** Opening Input data block **

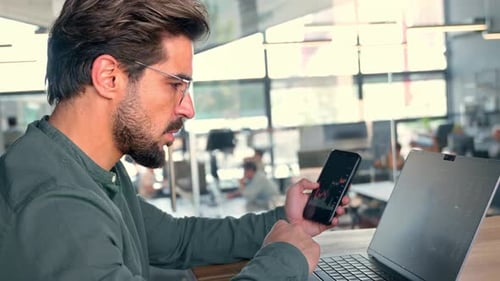 Investor Holding Phone Using Laptop Analyzing Stock Trade Market Data
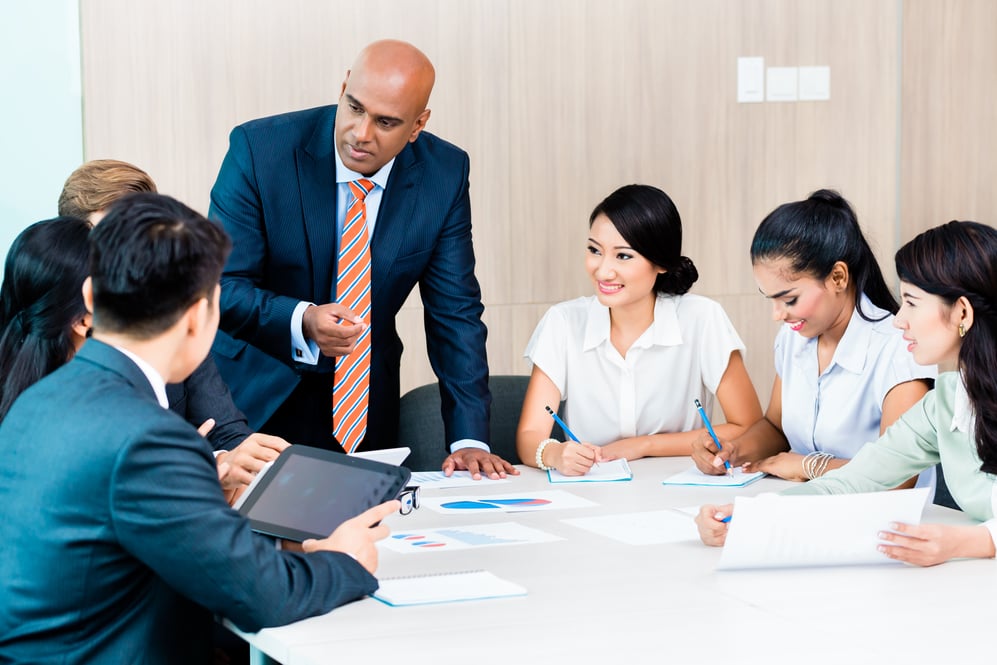 A meeting taking place in an office in Indonesia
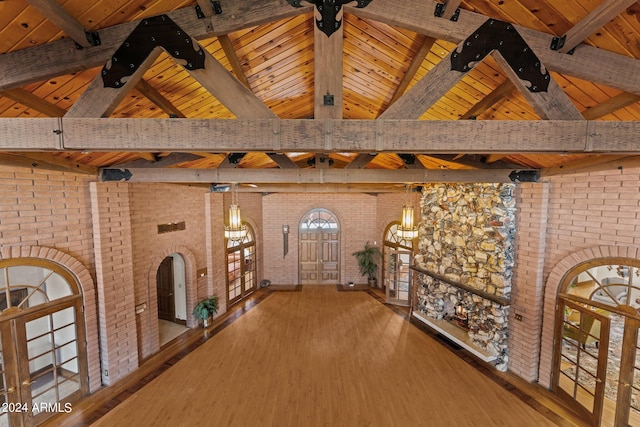 hall featuring wood ceiling, beam ceiling, and high vaulted ceiling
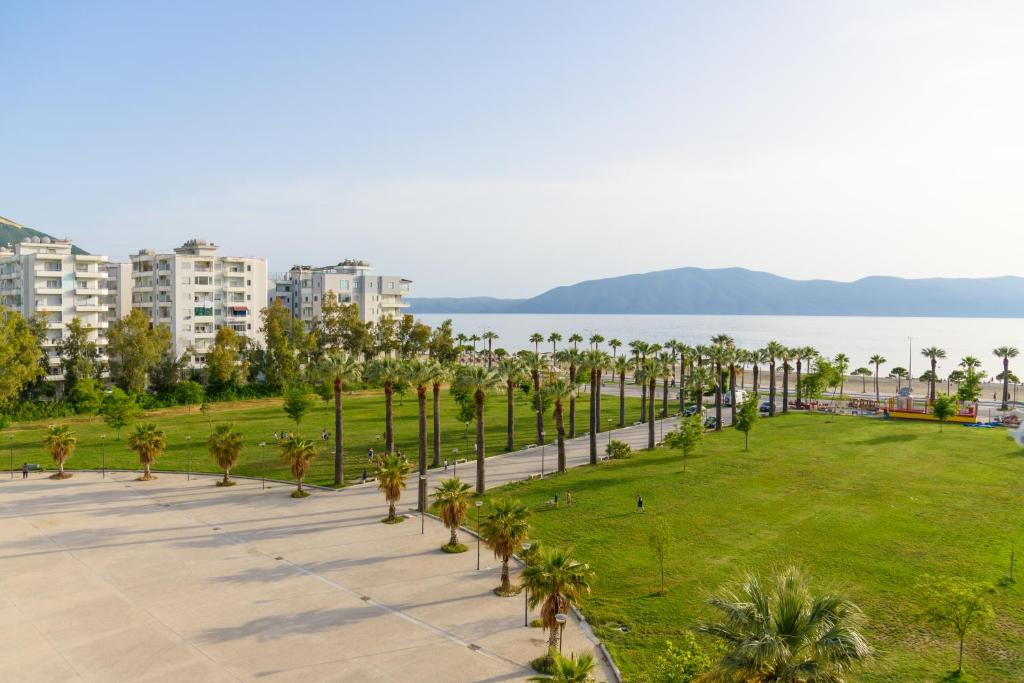 un parque con palmeras, edificios y agua en DANTE APARTAMENT, en Vlorë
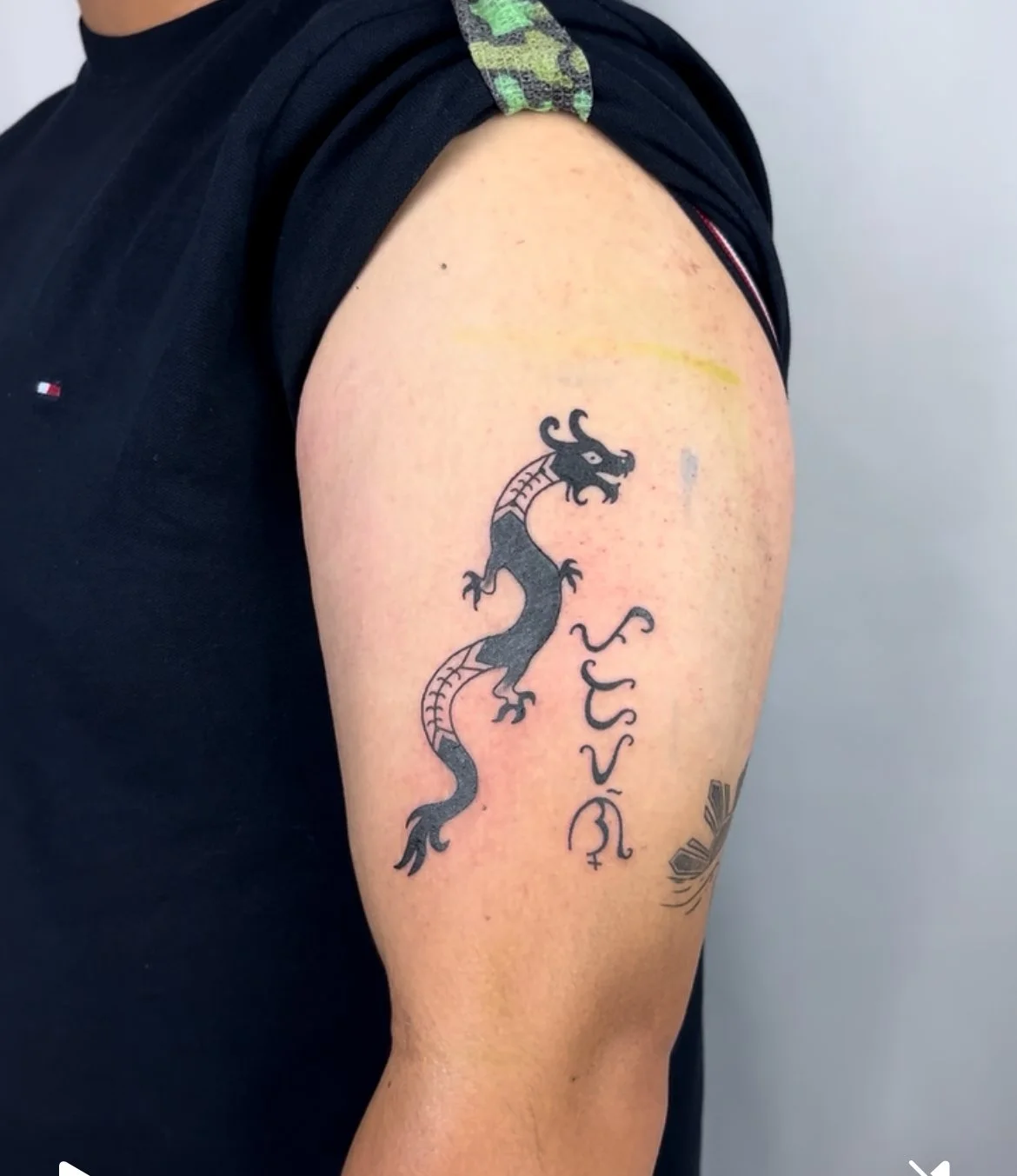 Tattoo of a black dragon on a person's upper arm, with some stylized script or symbols written vertically beside it.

** Closing Input data block **

Task instructions
The lines above should be transcribed exactly, with every image removed.

Solved problem
 Investor Holding Phone Using Laptop Analyzing Stock Trade Market Data
 A meeting taking place in an office in Indonesia
 hall featuring wood ceiling, beam ceiling, and high vaulted ceiling
 un parque con palmeras, edificios y agua en DANTE APARTAMENT, en Vlorë
 Tattoo of a black dragon on a person's upper arm, with some stylized script or symbols written vertically beside it.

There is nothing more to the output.